Since Samsung unveiled the Galaxy Note line in the fall of 2010, it has stood as the "tock" to the Galaxy S' "tick" in the product cycle year after year. The leading Galaxy S device of the year introduces all of the new software features, a new form factor and a new internal specs, while the Galaxy Note later in the year refines the physical design, enhances the software with new S Pen features and often fixes the pain points introduced with the Galaxy S — all while doing a little something extra with the increased screen real estate.
In many ways you could say the Galaxy Note is the device that Samsung really uses to push its limits. Where it tries things to see what sticks, then integrate it back into the next-generation Galaxy S.
This year is no different, and the Galaxy Note 4 is tocking right along, improving dramatically on the Galaxy S5. With a brand new aluminum exterior that looks and feels great, optical image stabilization on the camera, a new higher-resolution QHD display, top-end internals and small refinements on the software, this is a device any manufacturer would be happy to call its leading flagship.
Despite generally playing second fiddle to the Galaxy S5, it's actually not hard to say that the Galaxy Note 4 contains all of the features we wish were in the GS5 — if not for its larger screen size that's physically too much to handle for many.
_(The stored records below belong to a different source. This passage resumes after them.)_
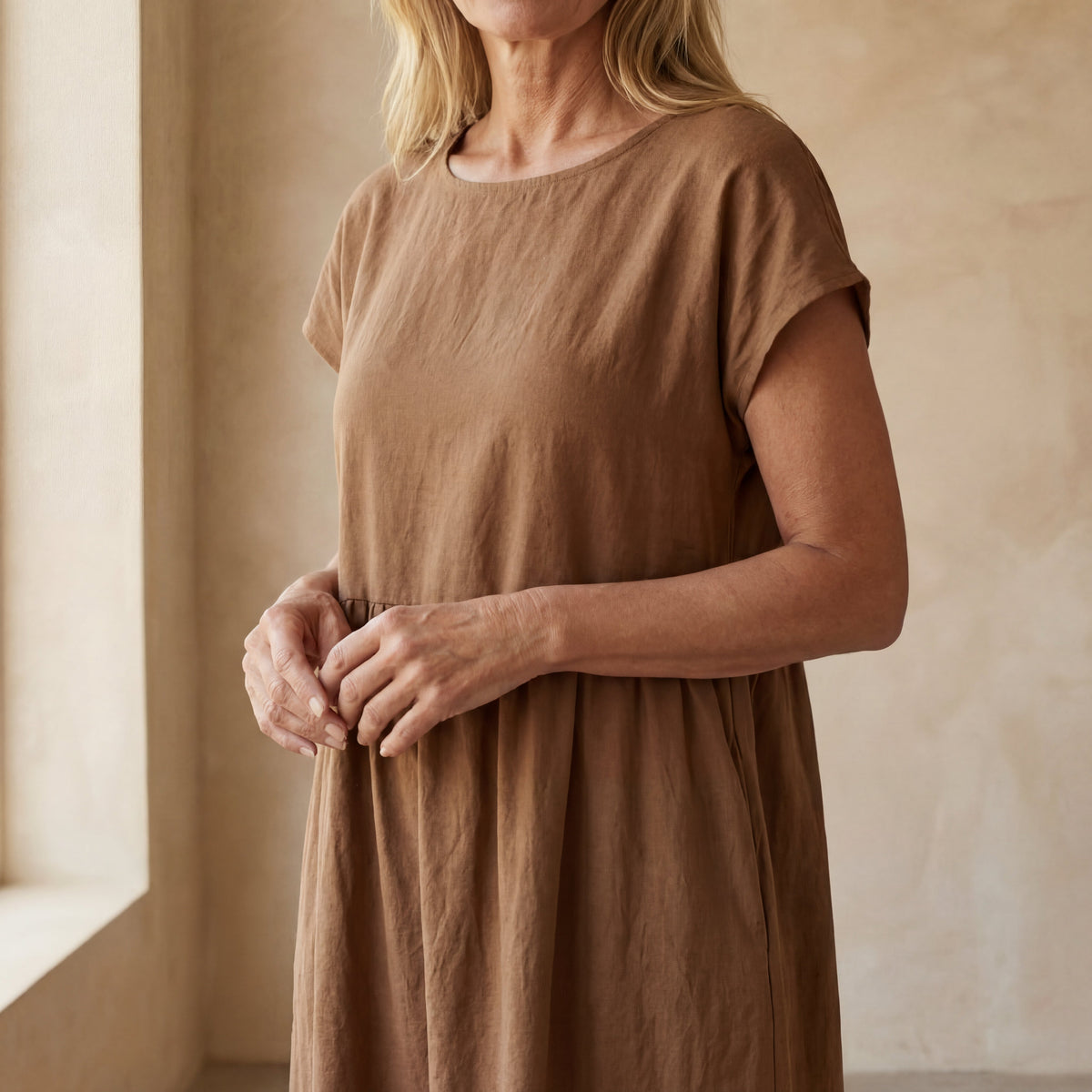 MILLA - STYLISH COTTON DRESS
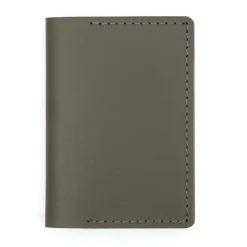 Accessoires De Voyage|Pochettes De Voyage^Muji Portefeuille de voyage en cuir recyclé - Kaki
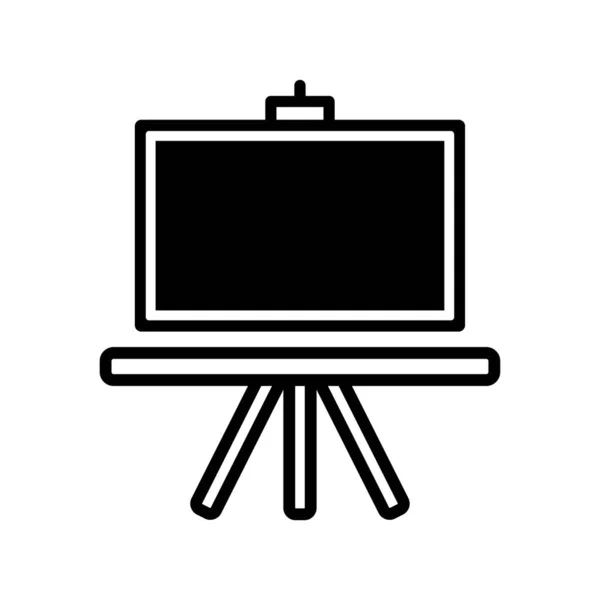 Blackboard School Equipment Vector Illustration Design — ストックベクタ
This is the real 2014 flagship for Samsung, and it's called the Galaxy Note 4. Read along for our full review.
About this review
We're writing this review after a week using a white, AT&T-branded Galaxy Note 4 in the greater Seattle area with great LTE coverage from the carrier. Our Note 4, provided by Samsung, was running software build UCU1ANIE. For the majority of our time with the Note 4 we had an LG G Watch connected over Bluetooth as well.
Galaxy Note 4 hardware
The best-looking, best-feeling Samsung phone yet
Samsung's switch from plastic to metal for its primary smartphone build material has been a long time coming. Although the Galaxy Alpha — which has nearly identical design and materials — may have spoiled the surprise for some by being released first, the Galaxy Note 4 will likely be the first time regular consumers get their hands on a metal phone from Samsung.
The metal — a combination of aluminum and magnesium — curves around the edges of the Note 4 in a solid band, with the flat portions taking on a very slightly textured color that matches the rest of the phone. The shimmery chamfered edges above and below the colored stripe add contrast and give it that "Samsung" kind of bling, showing off that this is indeed a metal phone. The metal runs deep into the device as its frame, adding rigidity as well.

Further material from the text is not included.